**Task prompt:**
Copy each line of the records exactly, stopping only after the line that contains "1/4Pcs Christmas Hand" has been written, and leave pictures out.

**Input:**
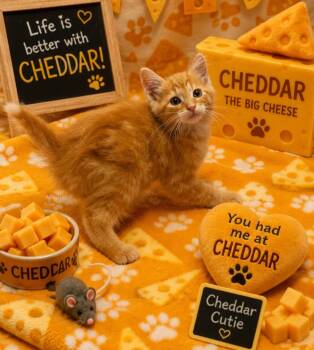 Cheddar -  Domestic Short Hair Cat for Adoption in Washington Court House, Ohio - Cheddar | PetCurious
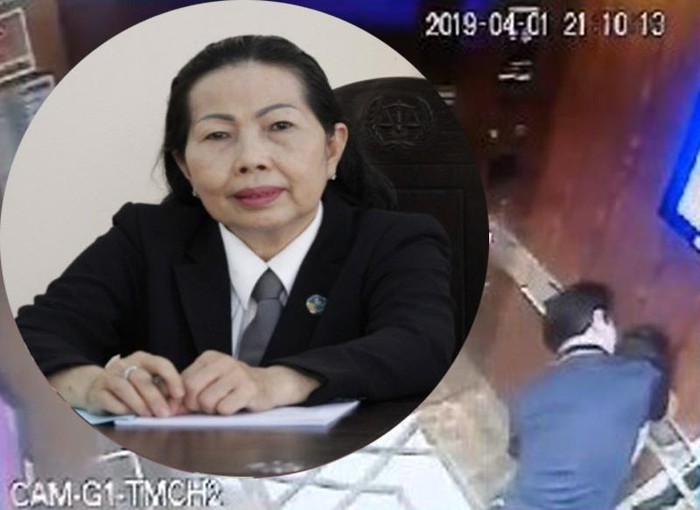 Luật sư Trần Thị Ngọc Nữ (ảnh nhỏ) và hình ảnh cháu bé bị gã đàn ông xâm hại trong thang máy ở Thành phố Hồ Chí Minh. (Ảnh: H.L)
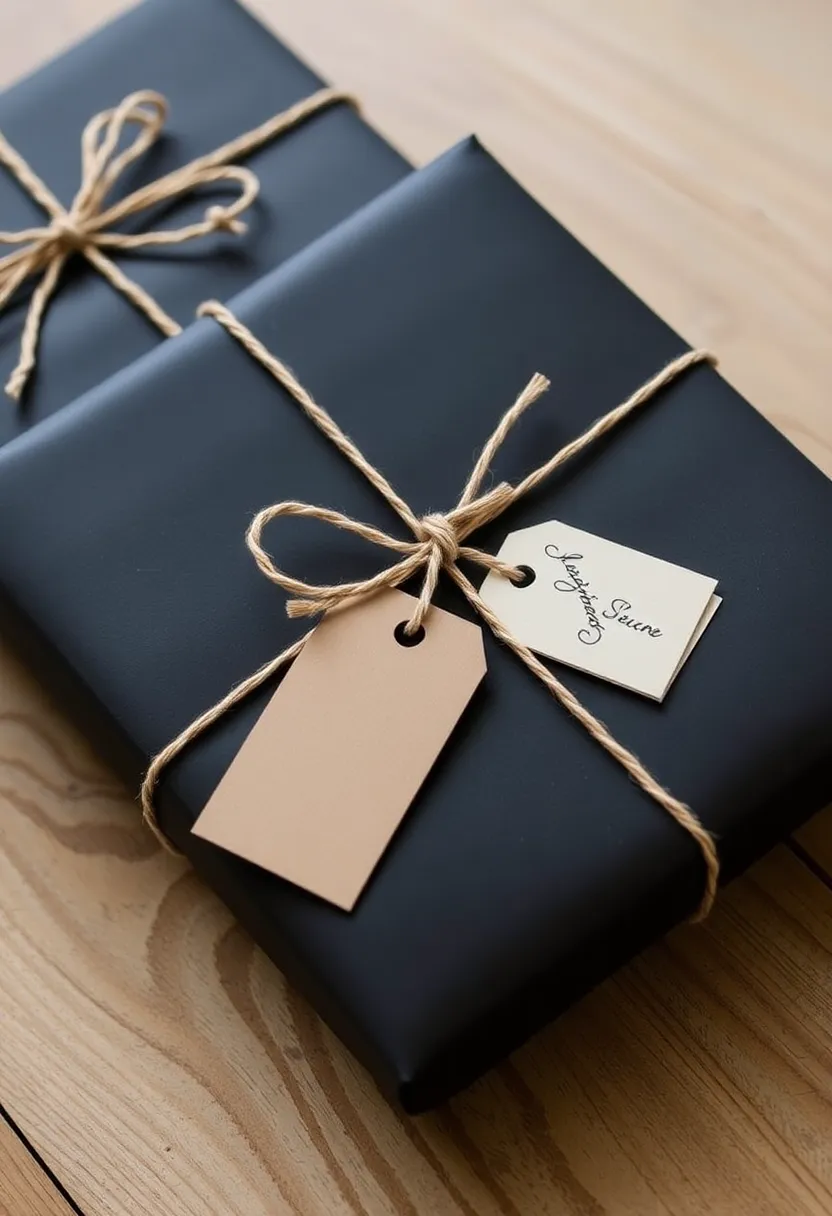 27 Black and Wood Party Decor Ideas for a Classy Setup 75 27 Black and Wood Party Decor Ideas for a Classy Setup - 21. Rustic Black and Wood Gift Wrapping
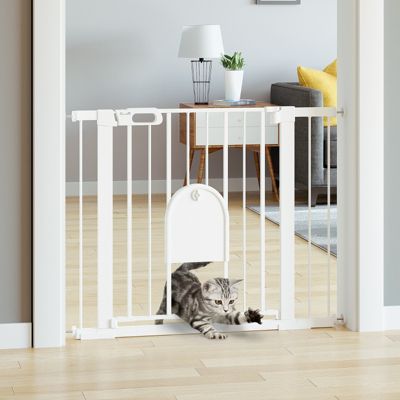 Barrière de sécurité pour animaux blanche avec portillon, extensible 75 à 103 cm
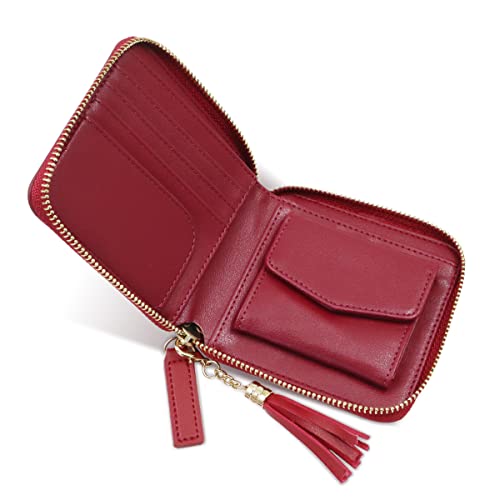 Kleine Geldbörse mit Reißverschluss, mehrere Fächer, Damen, RIFD blockierend, klein, kompakt, faltbar, Ledertasche, Mini-Reißverschluss, Kartenhalter für Damen und Herren, rot, Kleine Geldbörse Cover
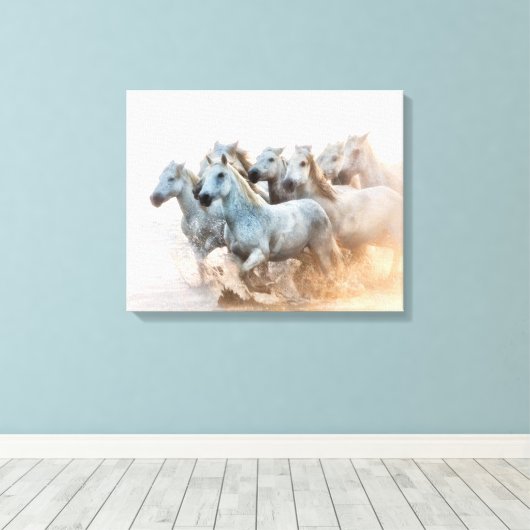 mediterraan water op zonsondergang canvas afdruk (Insitu (Houten vloer))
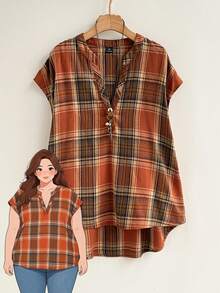Rusticease Plus Size Women's Plaid Blouse, Autumn 90s 1950s Vintage Hiking Notch Neck Batwing Short Sleeve Loose Fit Tunic Top, Casual Striped Summer Vacation - Multicolor - View 6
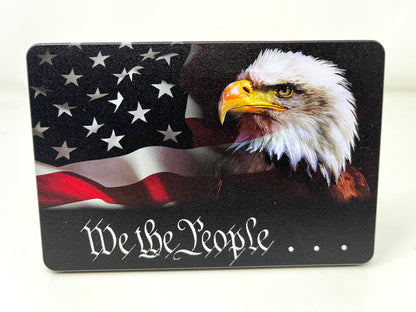 We The People With American Flag and Eagle Full Color Hitch Cover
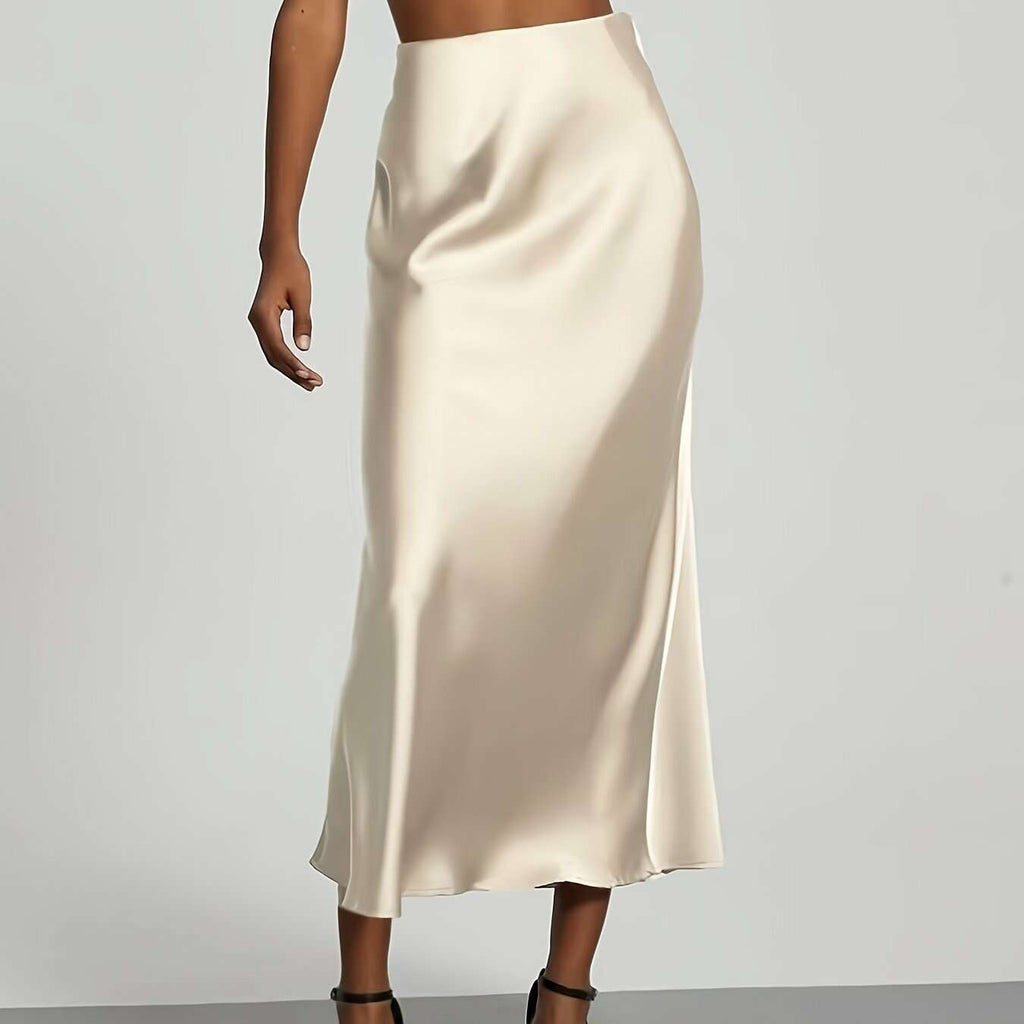 Women's High-Waisted Satin Skirt - Elegant All-Season Wear for Events   OAXG Black / XS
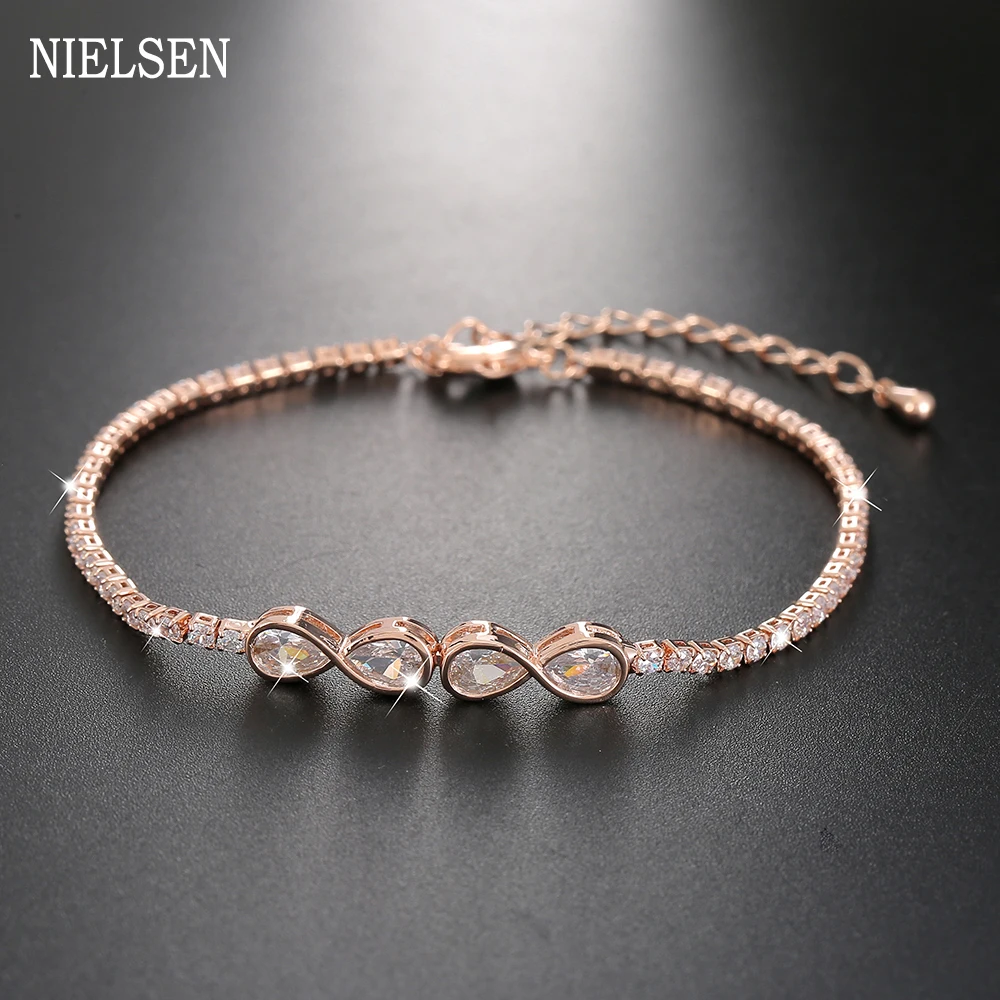 Популярный позолоченный браслет бесконечная любовь Бесконечность Браслет Циркон теннисные браслеты для женщин модные Подарочные ювелирные изделия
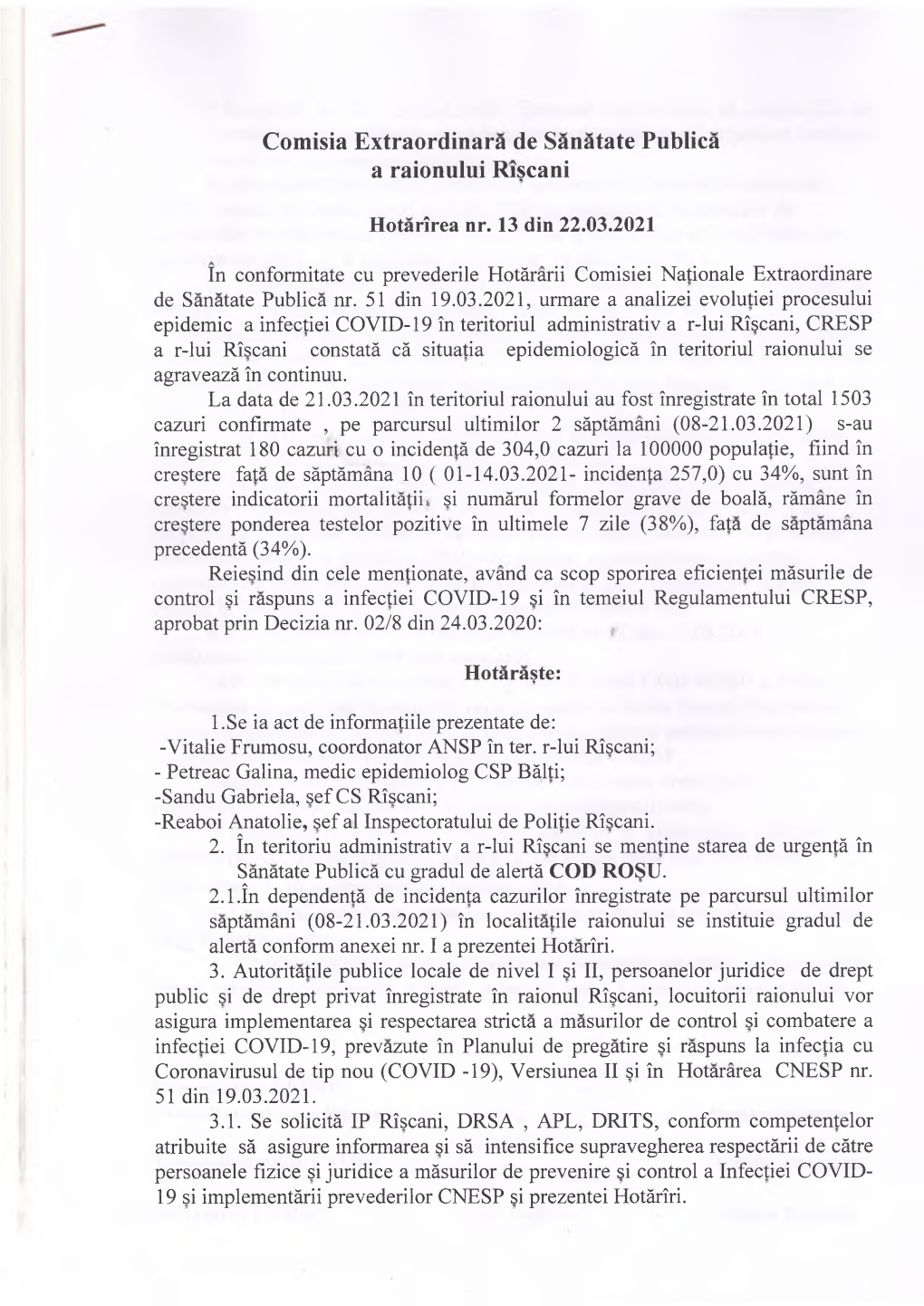 Comisia Extraordinara De Sanatate Publica a Raionului Riscani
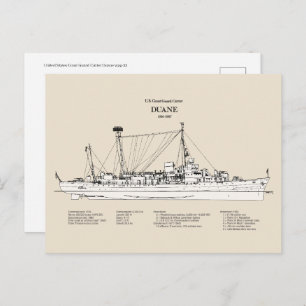 Cartão Postal USCGC Duane wpg-33 - SBD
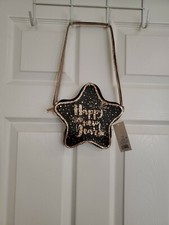 Cat & Jack Girls Black & Gold Star Shaped Purse W/"Happy New Year" BRAND NEW!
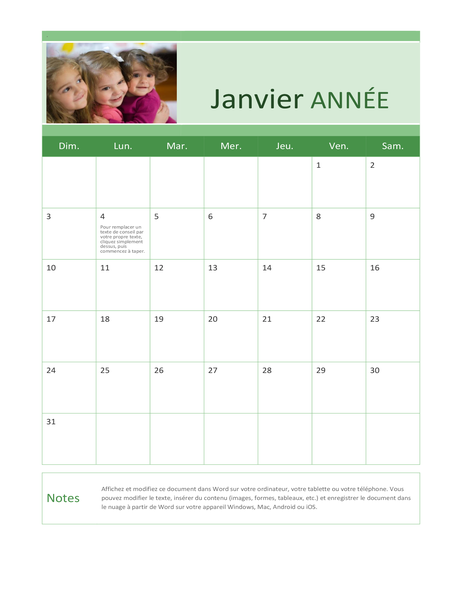 Calendrier avec photo de famille (annuel) Calendrier avec photo de famille (annuel)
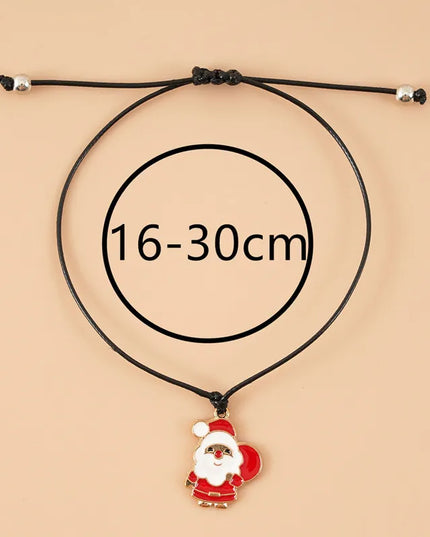 1/4Pcs Christmas Hand Rope Charm Bracelet with Santa Claus Xmas Tree Beads Fashion Bracelets Christmas Jewelry Kids Xmas Gift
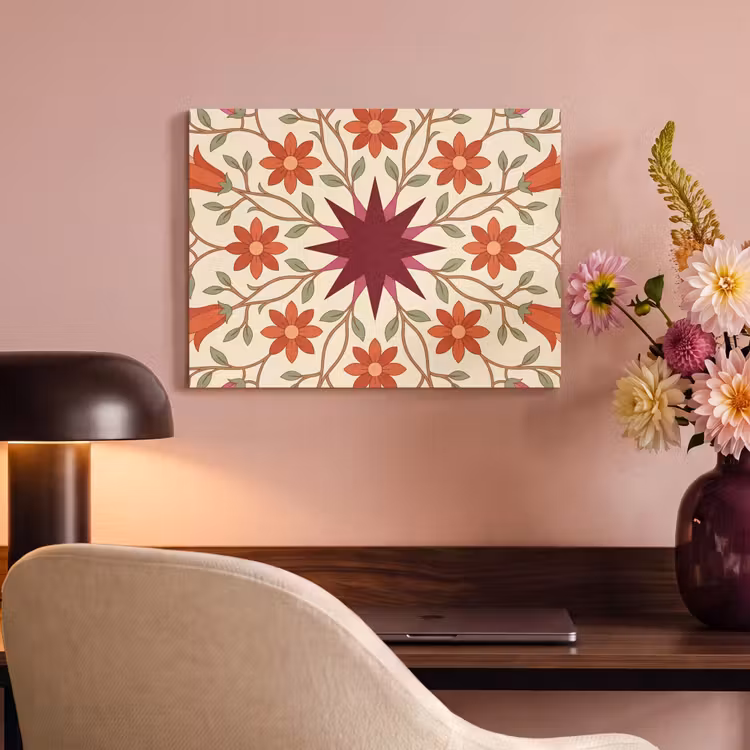 Akoestisch schilderij - Bloemen - Mandala - Decoratief - Rood — 4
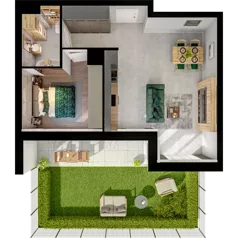 2 pokoje, mieszkanie 50,87 m², parter, oferta nr A02.0.37, Skwer Witosa, Piastów, ul. Bodycha/Witosa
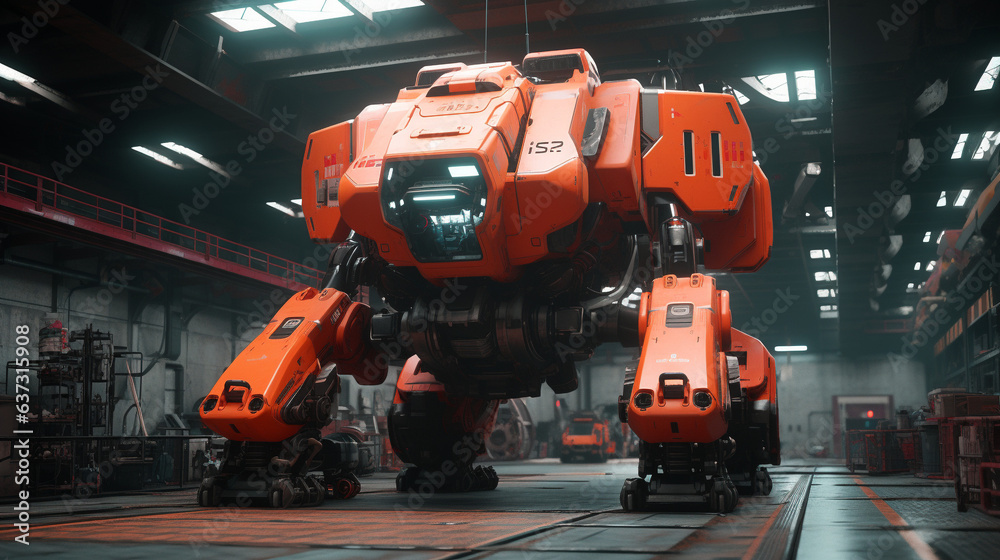 Mecha Robot Industrial Droid Futuristic Bot Machine Engineering Heavy Battle Cyberpunk Beast Apocalypse Generative AI Mecha Robot Industrial Droid Futuristic Bot Machine Engineering Heavy Battle Cyberpunk Beast Apocalypse Generative AI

**Answer:**
 Cheddar -  Domestic Short Hair Cat for Adoption in Washington Court House, Ohio - Cheddar | PetCurious
 Luật sư Trần Thị Ngọc Nữ (ảnh nhỏ) và hình ảnh cháu bé bị gã đàn ông xâm hại trong thang máy ở Thành phố Hồ Chí Minh. (Ảnh: H.L)
 27 Black and Wood Party Decor Ideas for a Classy Setup 75 27 Black and Wood Party Decor Ideas for a Classy Setup - 21. Rustic Black and Wood Gift Wrapping
 Barrière de sécurité pour animaux blanche avec portillon, extensible 75 à 103 cm
 Kleine Geldbörse mit Reißverschluss, mehrere Fächer, Damen, RIFD blockierend, klein, kompakt, faltbar, Ledertasche, Mini-Reißverschluss, Kartenhalter für Damen und Herren, rot, Kleine Geldbörse Cover
 mediterraan water op zonsondergang canvas afdruk (Insitu (Houten vloer))
Rusticease Plus Size Women's Plaid Blouse, Autumn 90s 1950s Vintage Hiking Notch Neck Batwing Short Sleeve Loose Fit Tunic Top, Casual Striped Summer Vacation - Multicolor - View 6
 We The People With American Flag and Eagle Full Color Hitch Cover
 Women's High-Waisted Satin Skirt - Elegant All-Season Wear for Events   OAXG Black / XS
 Популярный позолоченный браслет бесконечная любовь Бесконечность Браслет Циркон теннисные браслеты для женщин модные Подарочные ювелирные изделия
 Comisia Extraordinara De Sanatate Publica a Raionului Riscani
 Cartão Postal USCGC Duane wpg-33 - SBD
 Cat & Jack Girls Black & Gold Star Shaped Purse W/"Happy New Year" BRAND NEW!
 Calendrier avec photo de famille (annuel) Calendrier avec photo de famille (annuel)
 1/4Pcs Christmas Hand Rope Charm Bracelet with Santa Claus Xmas Tree Beads Fashion Bracelets Christmas Jewelry Kids Xmas Gift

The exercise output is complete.